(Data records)
-----

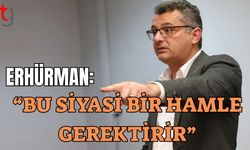 Erhürman: "Bu siyasi bir hamle gerektirir"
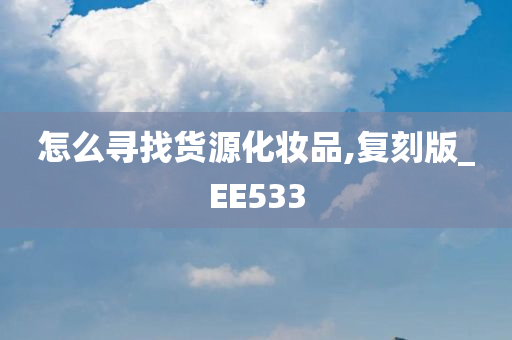 怎么寻找货源化妆品,复刻版_EE533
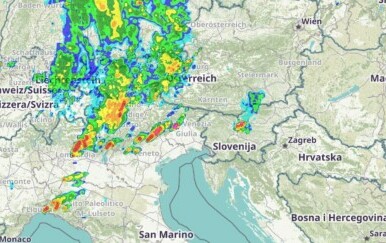Prema Sloveniji idu supećelijske oluje, u Hrvatskoj se očekuje nevrijeme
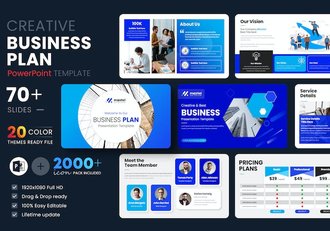 商业创业融资计划书PPT模板 - 顶尖PPT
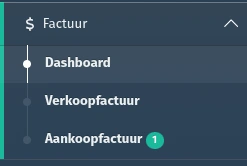 Aankoopfactuur - Concept teller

-----

## YOUR INSTRUCTIONS
What the answer must hold is the exact text of every line from the one containing "怎么寻找货源化妆品,复刻版_EE533" through the end of the data, minus any pictures.

## RESULT FOR THIS TASK
 怎么寻找货源化妆品,复刻版_EE533
Prema Sloveniji idu supećelijske oluje, u Hrvatskoj se očekuje nevrijeme
 商业创业融资计划书PPT模板 - 顶尖PPT
 Aankoopfactuur - Concept teller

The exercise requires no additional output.